### Work to be completed
Quote exactly the lines from the one with "property at 215 E 32nd St" to the end of the data, both included; omit the pictures.

### Provided records
★ ★ ★ ★

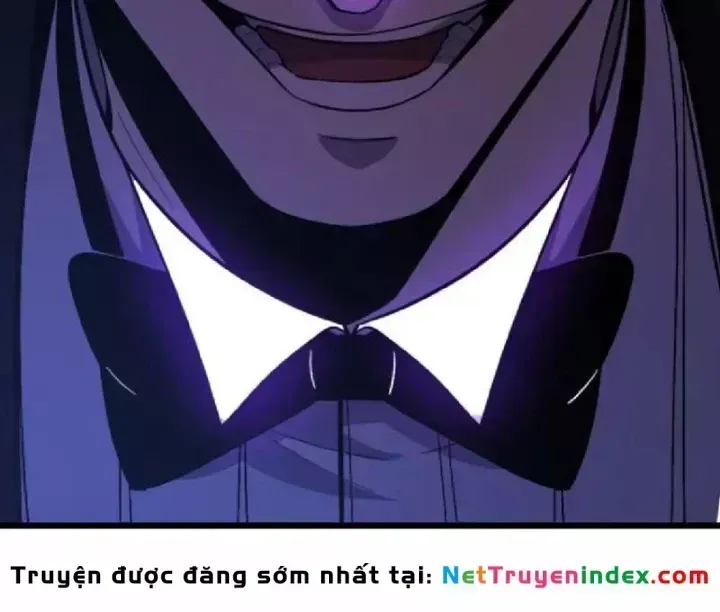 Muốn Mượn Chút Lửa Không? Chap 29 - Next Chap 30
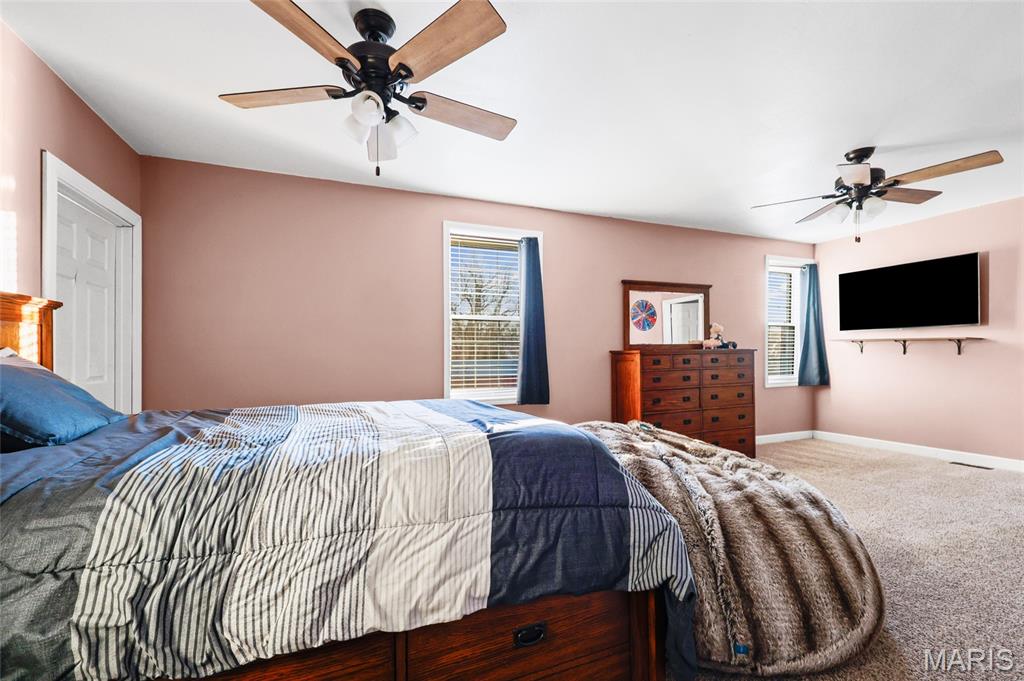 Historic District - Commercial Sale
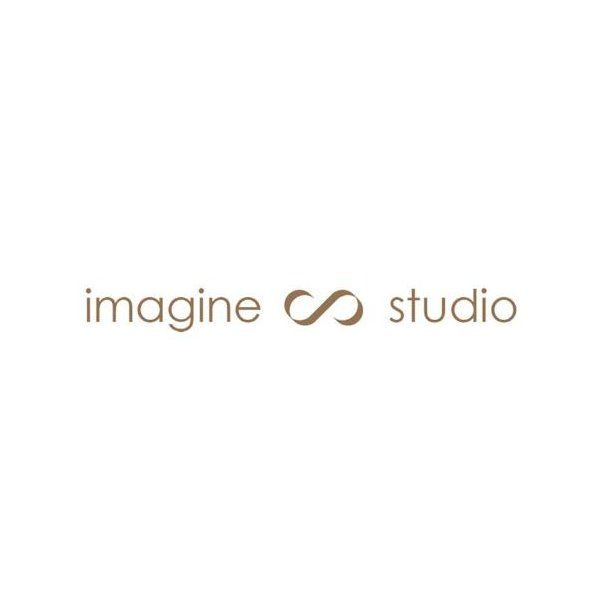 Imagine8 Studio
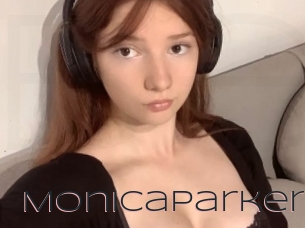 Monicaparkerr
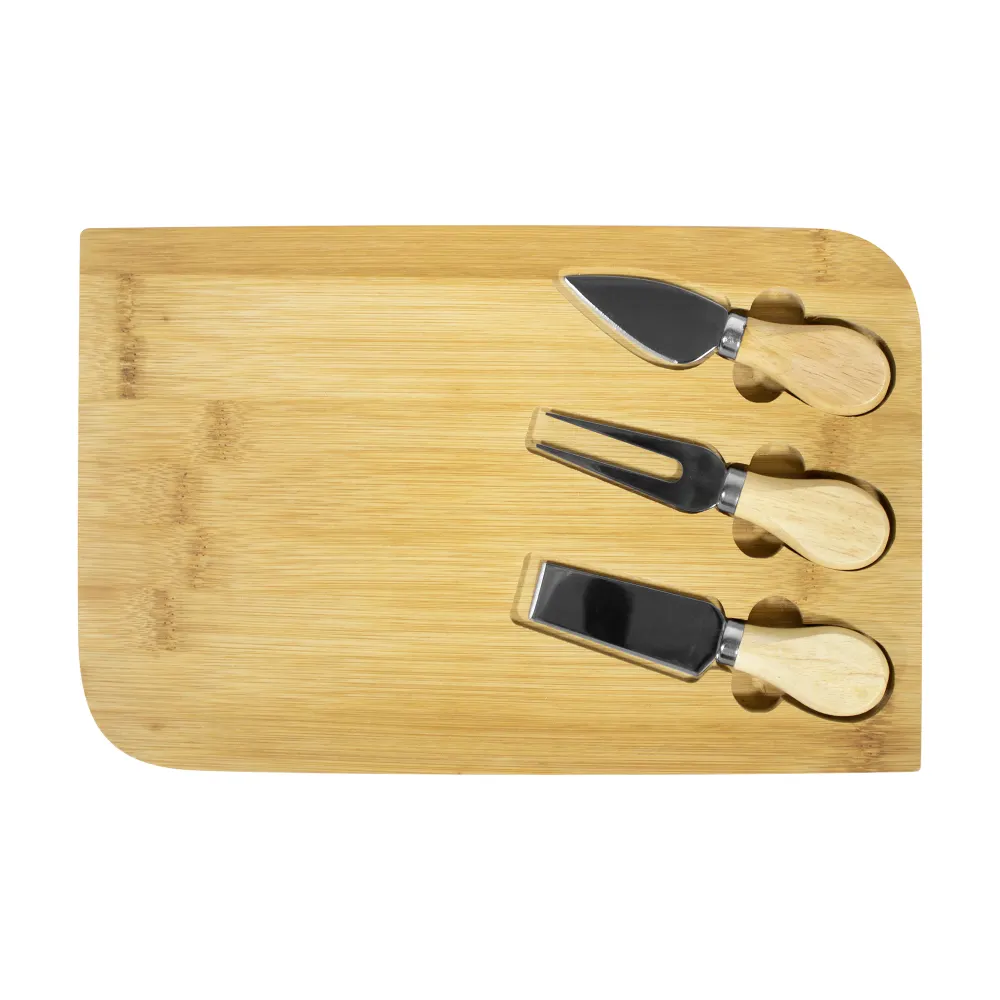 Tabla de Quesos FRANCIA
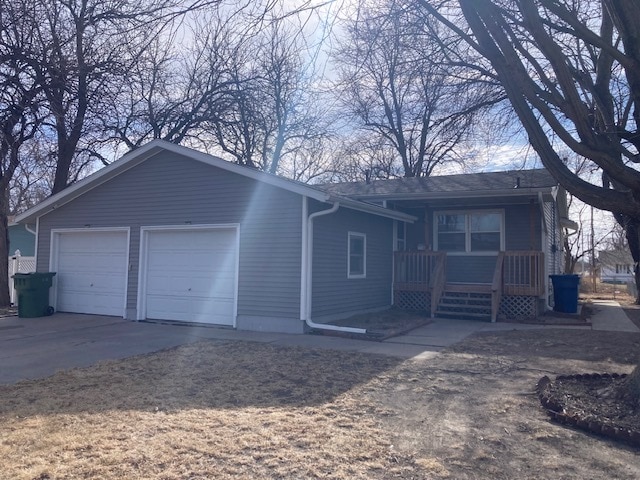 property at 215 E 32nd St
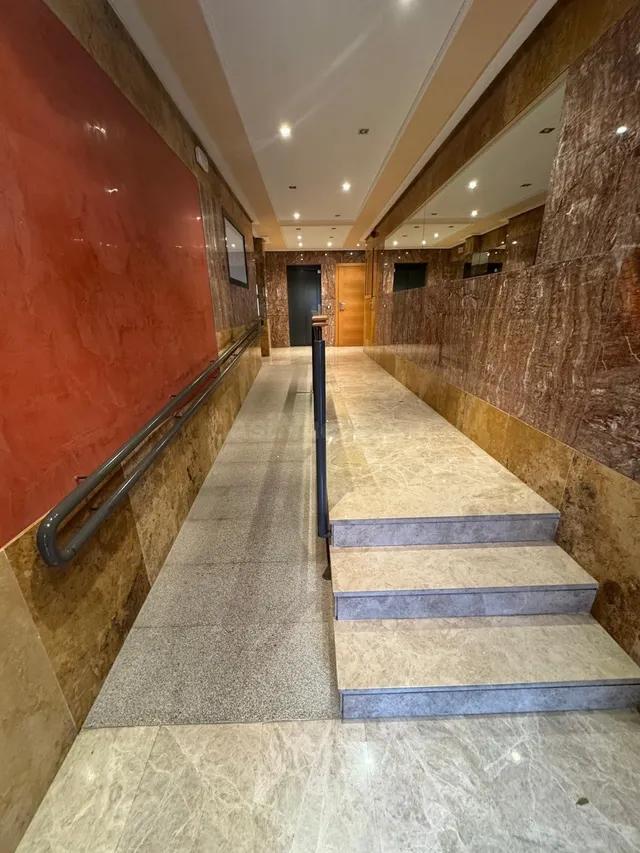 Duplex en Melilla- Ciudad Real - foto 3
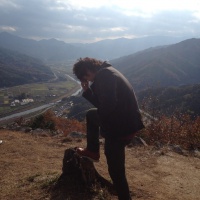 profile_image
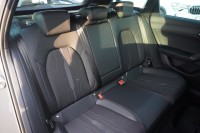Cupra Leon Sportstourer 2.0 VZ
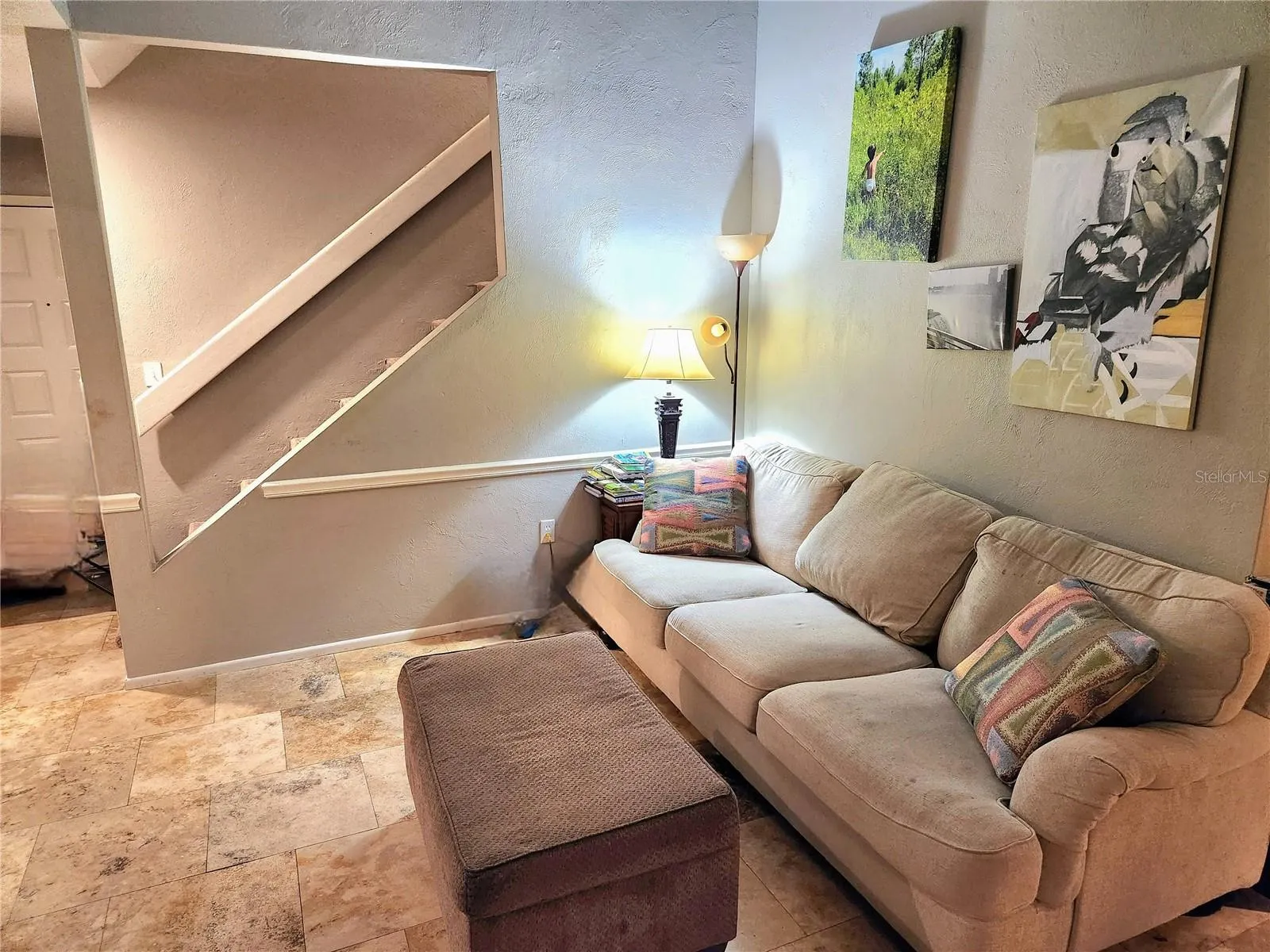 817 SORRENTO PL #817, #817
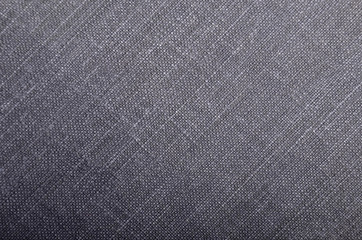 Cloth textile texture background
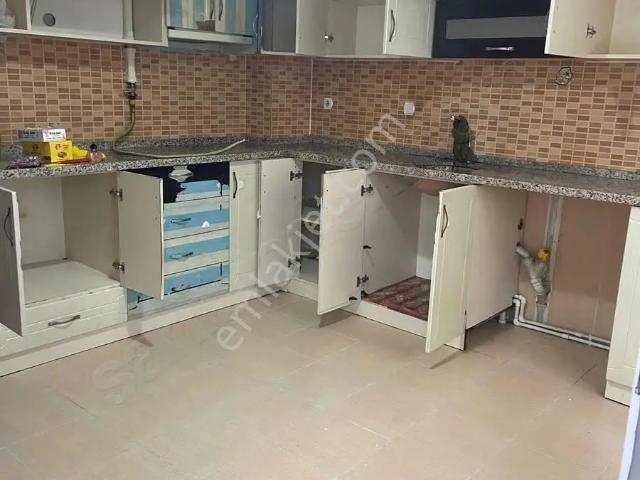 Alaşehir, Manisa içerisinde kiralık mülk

★ ★ ★ ★

### Response area
 property at 215 E 32nd St
 Duplex en Melilla- Ciudad Real - foto 3
 profile_image
Cupra Leon Sportstourer 2.0 VZ
 817 SORRENTO PL #817, #817
 Cloth textile texture background
 Alaşehir, Manisa içerisinde kiralık mülk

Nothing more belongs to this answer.